On April 29, 2009, acting for the O&W Plan, the Company sent the O&W Plan participants a notice of intent to terminate the O&W Plan in a distress termination with a proposed termination date of June 30, 2009.  The Company also provided additional documentation regarding the Company’s status and the status of the O&W Plan.  The termination of the O&W Plan is subject to approval by the PBGC.  The Company has provided information to the PBGC which Company management believes satisfies the requirements of the PBGC.  During the six months ended June 30, 2011, the Company discussed terminating the O&W Plan with the PBGC, which included a cap on the Company’s potential financial obligation with respect to the O&W Plan and the PBGC, which may have the effect of reducing the Company’s potential Treasury obligations as summarized above.  However, there are no assurances that an agreement satisfactory to the PBGC and the Company will be concluded.
 
At June 30, 2011, the O&W Plan had an accrued pension obligation liability of $4,556,883 ($4,314,883 at December 31, 2010), which included the underfunded amount plus interest on past due payments and excise taxes including penalties and interest of approximately $475,000 as discussed above.  Accumulated other comprehensive loss of $2,961,147 at June 30, 2011 ($2,961,147 at December 31, 2010) has been recorded as a reduction of stockholders’ deficiency.

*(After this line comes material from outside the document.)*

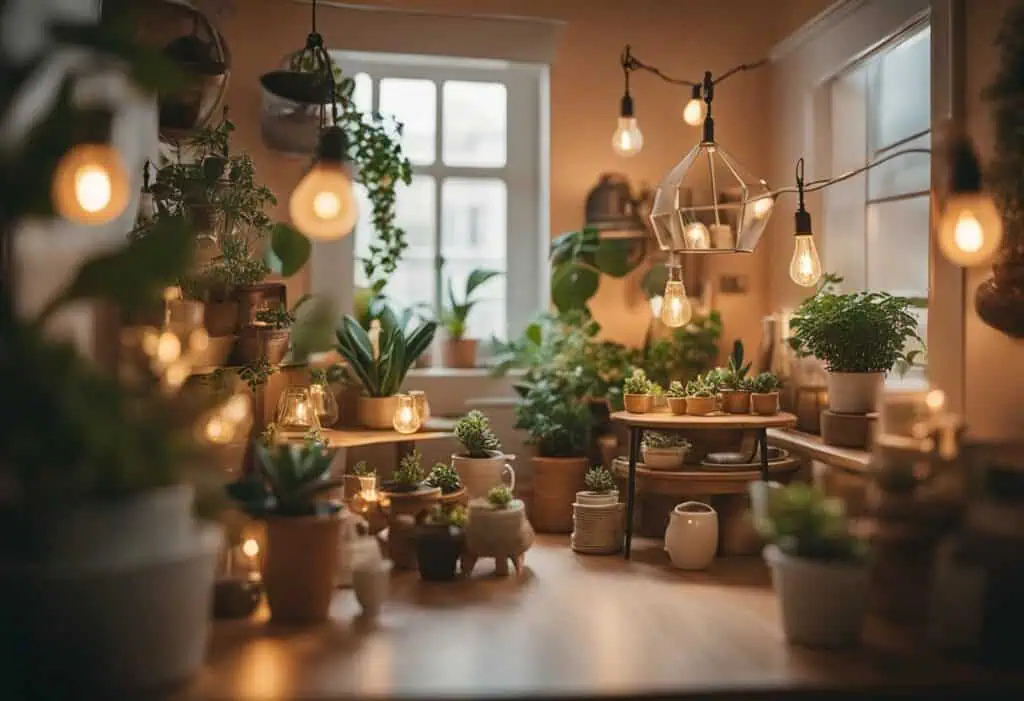 tiny interior design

The market value of the O&W Plan assets decreased from $1,601,276 at December 31, 2010 to $1,449,998 at June 30, 2011.  The decrease was comprised of investment gains of $108,285 offset by benefit payments of $225,686 and expenses of $33,877.

Net periodic pension cost recorded in the accompanying statements of operations includes the following components of expense (benefit) for the periods presented.

   
Three Months 
ended
June 30, 2011
   
Three Months
ended
June 30, 2010
   
Six Months
ended
June 30, 2011
   
Six Months
ended
June 30, 2010
 
                         
Interest cost
  $ 67,878     $ 72,531     $ 135,756     $ 145,062  
Expected return on plan assets
    (30,193 )     (39,148 )     (60,386 )     (78,296 )
Service cost
    10,500       12,500       21,000       25,000  
Actuarial loss
    33,960       31,882       67,921       63,764  
Net periodic pension cost
  $ 82,145     $ 77,765     $ 164,291     $ 155,530  

There were no holdings of Level 3 investments and there were no purchases, sales, issuances, and settlements of Level 3 investments during the three and six months ended June 30, 2011 and 2010.  Additionally, there were no transfers between Level 1 and Level 2 assets during the six months ended June 30, 2011.